The allocation code comes from this:
*ptr = mkl_malloc(size ? size:1, 64);
When LoadLibrary hangs it is due to some other thread holding the OS Loader lock. This loader lock is effectively serializing dll loading and global/thread static variables initialization and release. See https://docs.microsoft.com/en-us/windows/win32/dlls/dllmain for a more elaborate description.
With Windbg and the !peb command we can check further
We can dump the Loader Lock structure by clicking on the blue underlined link in Windbg. But this formatting has not survived in WordPress.
Ahh now we know that thread 0x6710 is owning the lock. Switch to that thread with the command ~~[0x6710]s which allows you specify OS thread id directly. The usual ~dds command switches to debugger enumerated threads which start always at 0. That is convenient but sometimes you need to switch by thread id.
That stack trace is strange because it calls SwitchToThread which basically tells the OS if any other runnable thread for this core is ready to run it should run. If not this is essentially a CPU burning endless loop. Such constructs are normally used in Spinlocks where ones takes at first not lock at all to prevent the costs of a context switch at the expense of burning CPU cycles. In this case it looks like mkl_core is cleaning up some thread static variables which requires synchronization with some lock object which is taken by some other thread. Since I do not have the code for this I can only speculate which thread it is.
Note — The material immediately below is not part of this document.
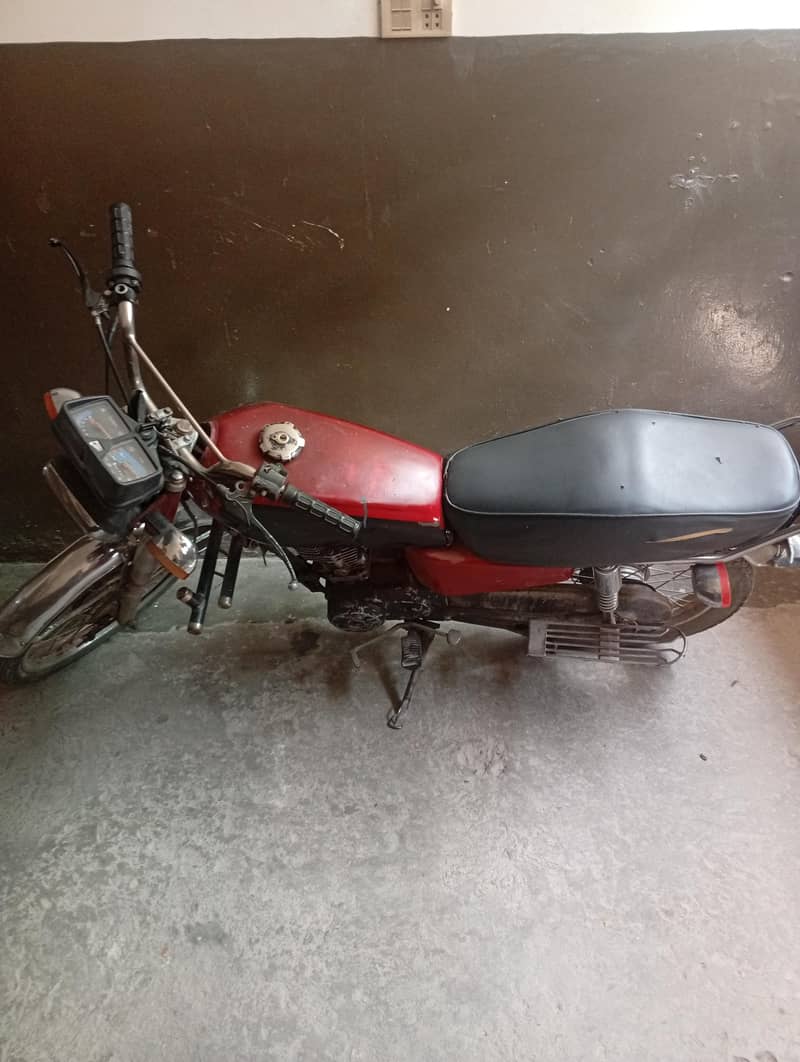 good condition 1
Lets get the CPU time this thread to see how long it tries to enter the lock:
Nearly all CPU of the process (2h 15 minutes) is spent by this thread (2h 14 minutes) which wastes CPU cycles for hours.
Since we have only one other mkl thread running which is our stuck thread in the LoadLibrary call it all makes sense now. The LoadLibrary call hangs because thread 0x6710 is exiting and cleaning up some thread static variables which takes a lock which our stuck LoadLibrary thread already possesses. But since our shutting down thread owns the loader lock we have two dependant locks owned by two different threads -> Deadlock.
You need to be careful on which threads you execute MKL code which are exiting at some point in time while new threads are initializing new mkl variables. At some points in time you can see funny deadlocks which look really strange. One thread burns CPU like hell which is coming from an exiting thread and your own code is stuck in a LoadLibrary call which waits for the Loader Lock to become free.
If you dig deep enough you can find the root cause even when you do not have the full source code. As added bonus I have learned some arcane Windbg commands along the way. These will be helpful the next time you need to dig into some stuck threads.